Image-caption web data
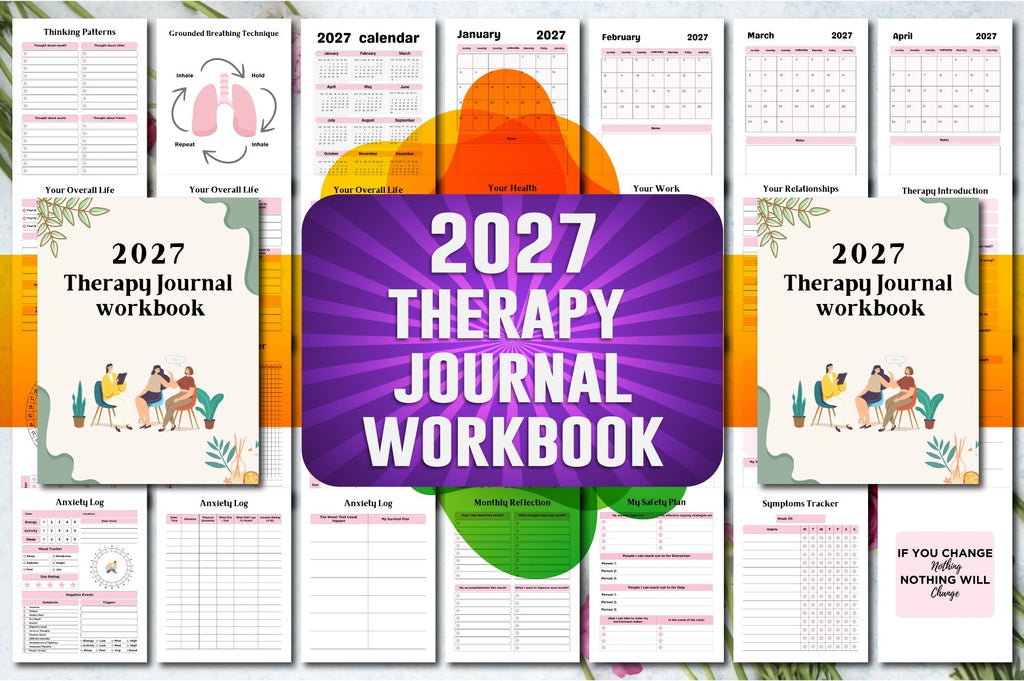 Therapy Workbook for Personal Growth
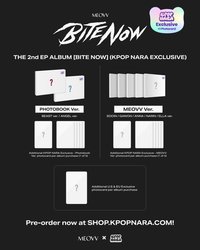 BITE NOW 美版 KPOP NARA 預購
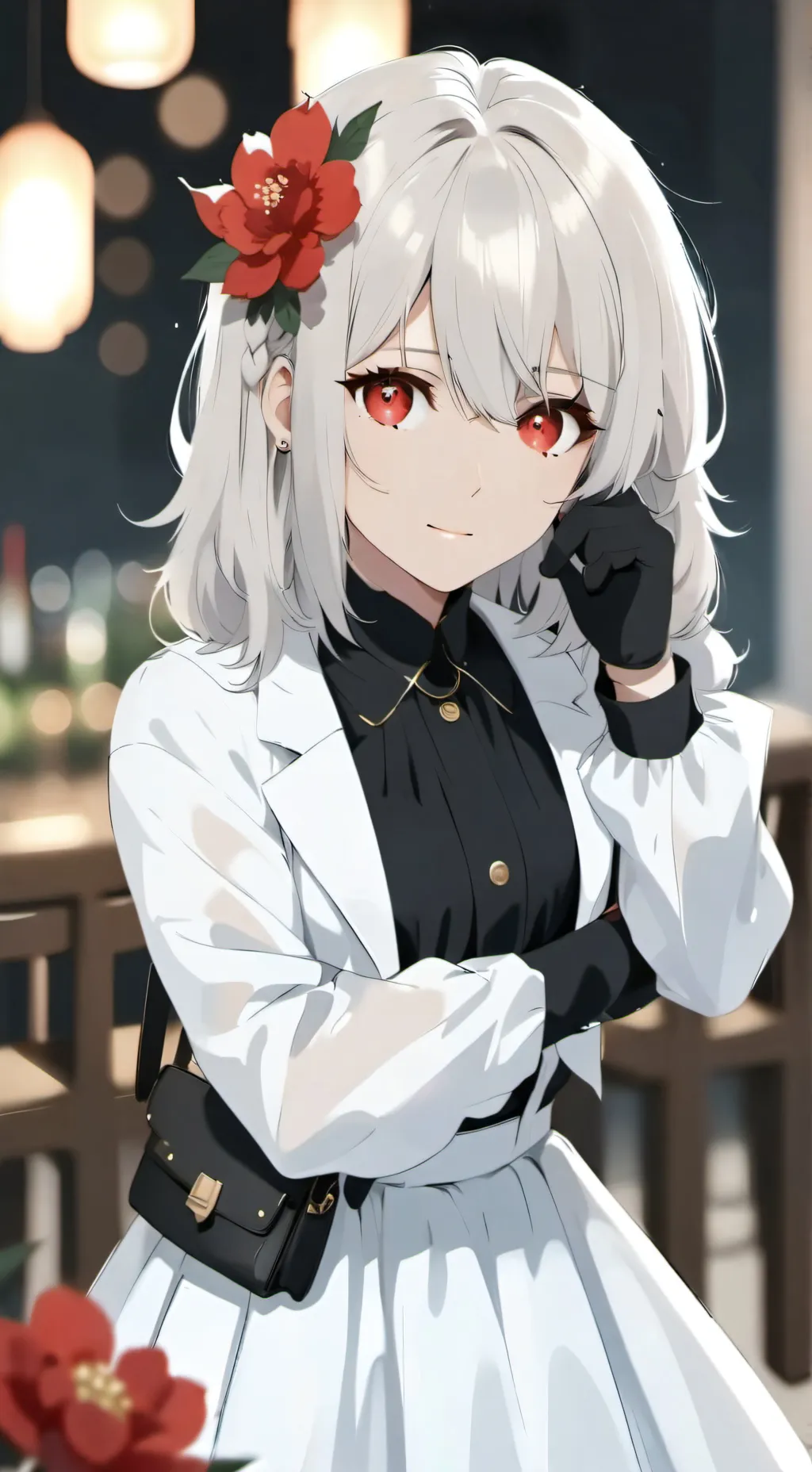 ai character: Sofia background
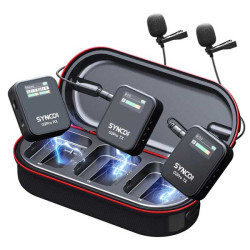 SYNCO G2(A2) Pro Wireless Lavalier Microphone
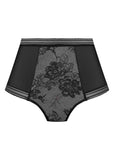 Fantasie Fusion Lace High Waist Brief Black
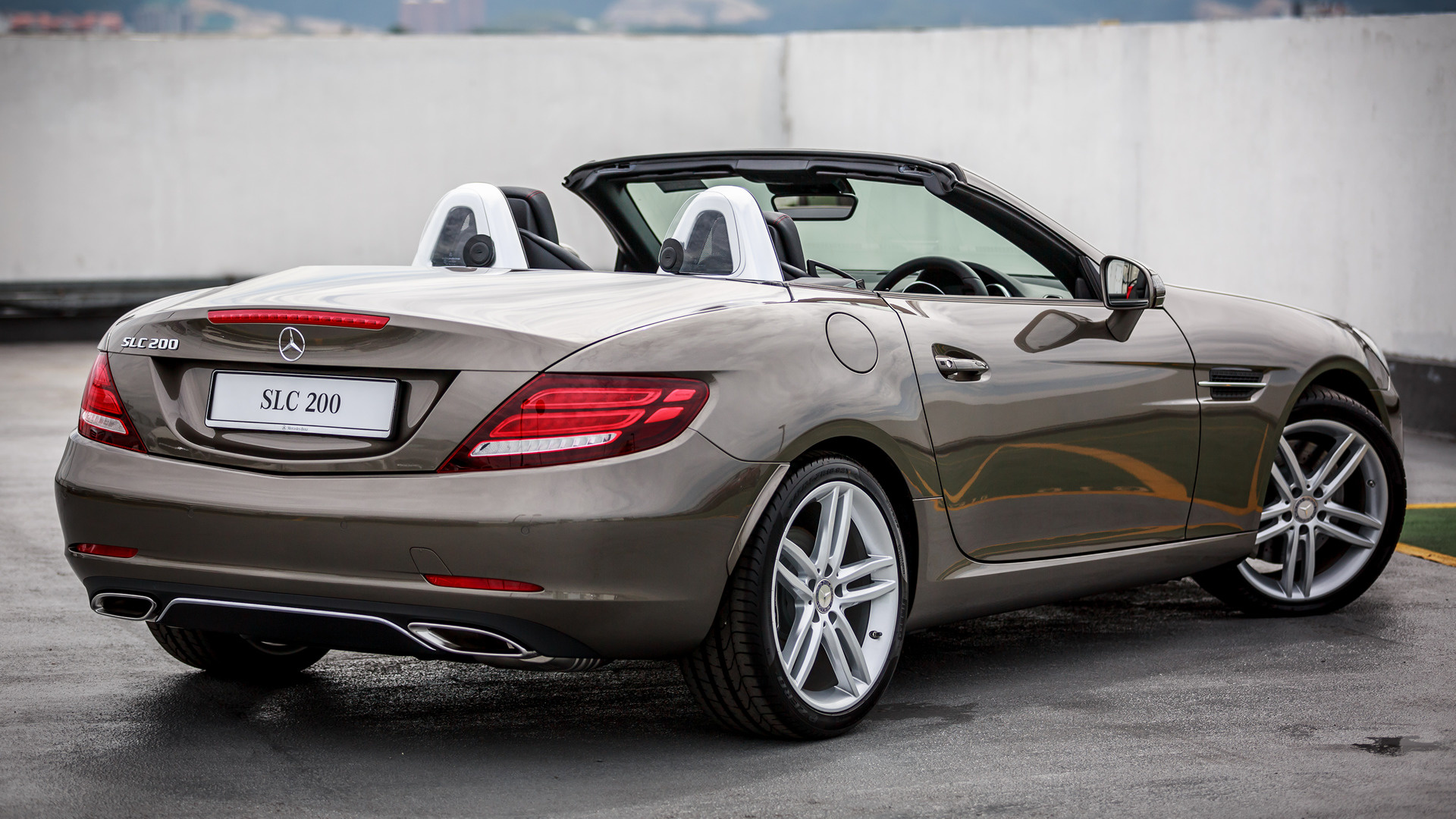 Mercedes Benz Slc Class My Wallpaper And HD Image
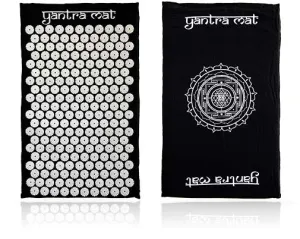 Taškinio masažo kilimėlis YANTRA 44х75cm (juodas)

*What you will do*: All lines from the one containing "Fantasie Fusion Lace High Waist Brief Black" through the final line of the records are to be retyped exactly; no other lines and no pictures are to be included.

*Response area*:
 Fantasie Fusion Lace High Waist Brief Black
 Mercedes Benz Slc Class My Wallpaper And HD Image
 Taškinio masažo kilimėlis YANTRA 44х75cm (juodas)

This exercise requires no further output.